A value of type CellGrid a
is a rectangular array
of values of type a.
{ rows : Basics.Int
, columns : Basics.Int
}
The size of a cell grid
{ row : Basics.Int
, column : Basics.Int
}
A position in a cell grid
empty : CellGrid a
The empty cell grid. Useful in conjunction with Maybe.withDefault
initialize : Dimensions -> (Basics.Int -> Basics.Int -> a) -> CellGrid a
Initialize a cell grid. initialize (Dimensions row column) f
creates a
cell grid of size (Dimensions row column)
with the element at (Position i j)
set to the result of f i j
.
import Array
grid1 : CellGrid Int
grid1 = CellGrid.initialize (Dimensions 2 2) (\i j -> i)
toLists grid1
--> [ [0,0]
--> , [1,1]
--> ]
CellGrid.initialize (Dimensions 2 3) (\i j -> toFloat (i + j))
--> CellGrid (Dimensions 2 3) (Array.fromList [ 0, 1, 2, 1, 2, 3 ])
repeat : Dimensions -> a -> CellGrid a
Fill a cell grid with a constant value
import Array
CellGrid.repeat (Dimensions 2 2) 42
--> CellGrid (Dimensions 2 2) (Array.fromList [ 42, 42, 42, 42 ])
fromList : Dimensions -> List a -> Maybe (CellGrid a)
Construct cell grid from a list of values. Grid construction fails when an amount of values incompatible with the dimensions is given.
import Array
fromList (Dimensions 2 2 ) [ 1.0, 2.0, 3.0, 4.0 ]
--> Just (CellGrid (Dimensions 2 2) (Array.fromList [1,2,3,4]))

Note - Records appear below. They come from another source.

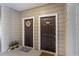 A welcoming entrance with a welcome mat, flower pot and wreath decorates the front door at 700 Daniel Ellis Dr # 5103, James Island, SC 29412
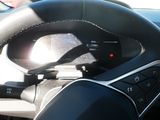 a close up of a steering wheel in a car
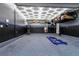 Spacious garage featuring a car lift, and overhead storage racks at 10125 Sequoia Falls Pl, Las Vegas, NV 89149
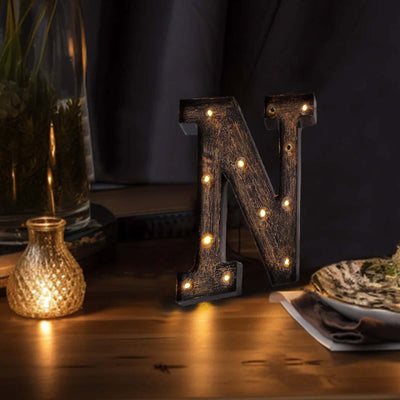 Decorative light-up letter "N" in rustic style on a table setting.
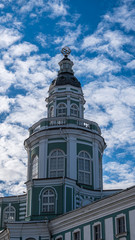 Fototapeta na wymiar The upper tiers of the Kunstkamera tower in St. Petersburg against the blue sky
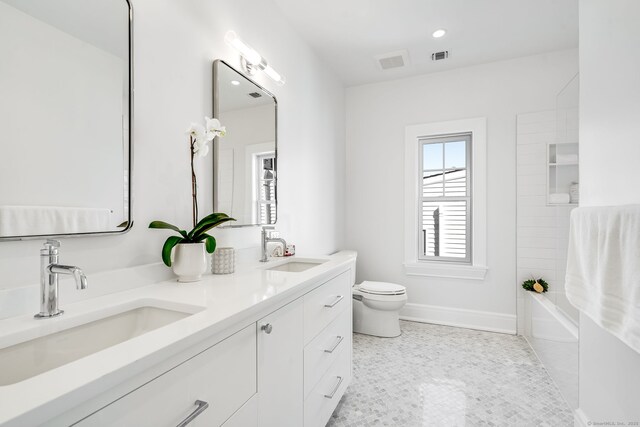 25 Henry St Unit B, Greenwich, CT 06830 - full bath featuring double vanity, visible vents, toilet, and a sink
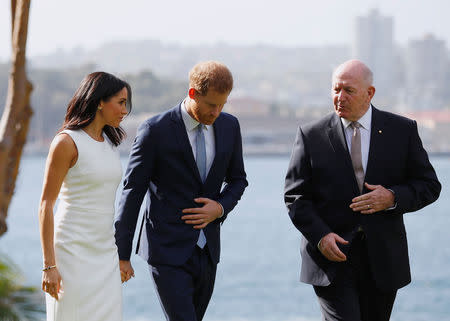 Britain's Prince Harry and wife Meghan, Duchess of Sussex walk with Australia's Governor General Peter Cosgrove at Admiralty House during their visit in Sydney, Australia October 16, 2018. REUTERS/Phil Noble/Pool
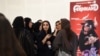 Perempuan Saudi berkumpul di sebuah bioskop di pusat perbelanjaan Riyadh Park setelah pemerintah Arab Saudi membuka bioskop untuk umum, di Riyadh, 30 April 2018.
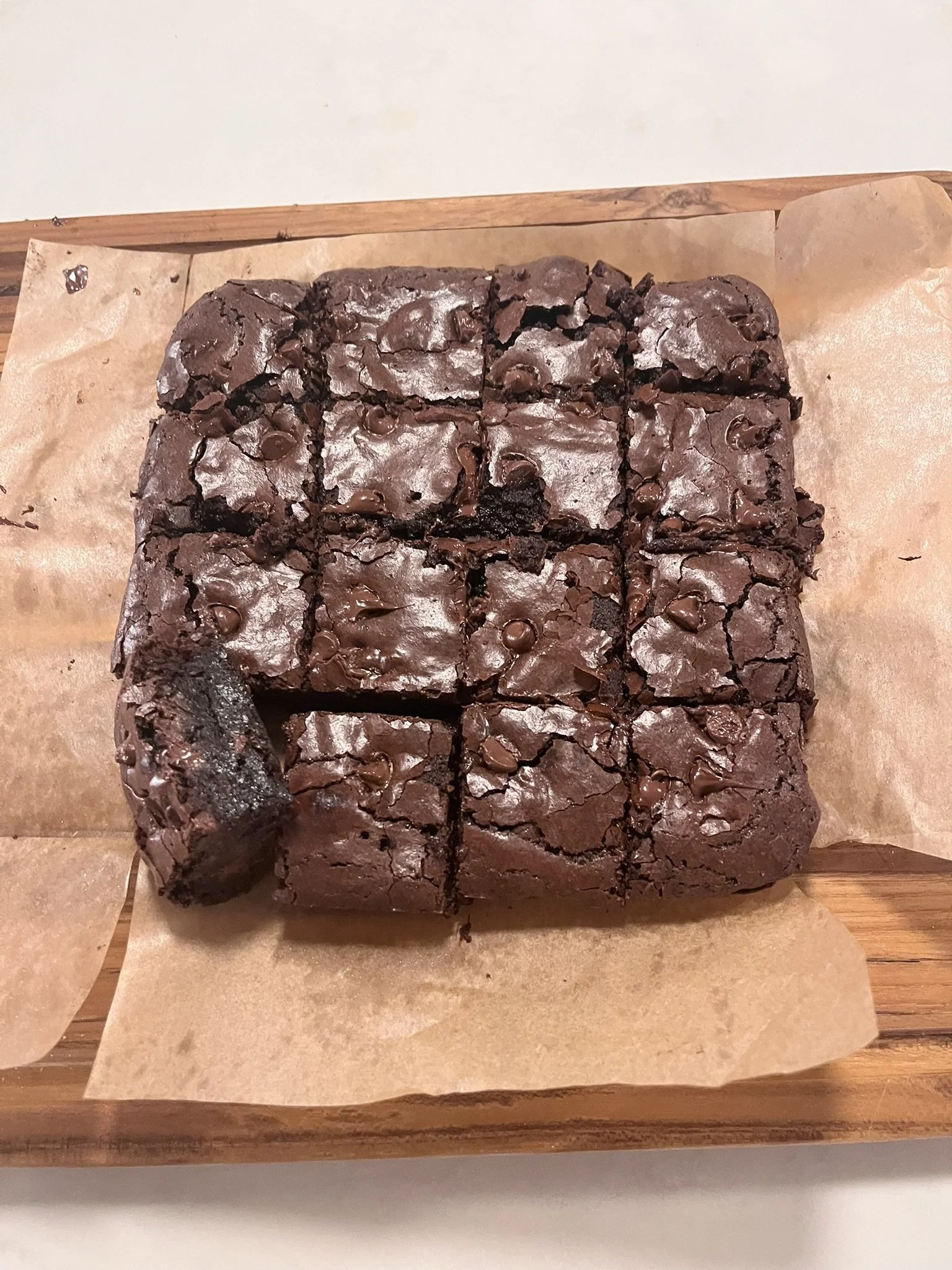A wooden tray with a lined sheet of parchment paper holding a large batch of cut, homemade double chocolate brownies with chocolate chips.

fromList (Dimensions 2 2 ) [ 1.0, 2.0, 3.0, 4.0, 5.0 ]
--> Nothing
map : (a -> b) -> CellGrid a -> CellGrid b
Map a function over a cell grid.
grid : CellGrid Int
grid = CellGrid.incrementing (Dimensions 2 2)
toLists grid
--> [ [0,1]
--> , [2,3]
--> ]
doubled : CellGrid Int
doubled = CellGrid.map (\v -> v * 2) grid
toLists doubled
--> [ [0,2]
--> , [4,6]
--> ]
indexedMap : (Basics.Int -> Basics.Int -> a -> b) -> CellGrid a -> CellGrid b
Transform a cell grid while having access to a cell's position
indexedMap (\i j value -> value + i * j) cellGrid
foldl : (a -> b -> b) -> b -> CellGrid a -> b
Fold a function of type a -> b -> b
over a CellGrid a
, associating to the left.
foldr : (a -> b -> b) -> b -> CellGrid a -> b
Fold a reducer a -> b -> b
over a CellGrid a
, associating to the right.
toList : CellGrid a -> List a
toList grid =
CellGrid.foldr (::) [] grid
transform : (Basics.Int -> Basics.Int -> CellGrid a -> b) -> CellGrid a -> CellGrid b
Modify a cell while having access to the full cell grid. The supplied cell grid is always the original input. Useful for simulations that need neighbor information, like Conway's game of life.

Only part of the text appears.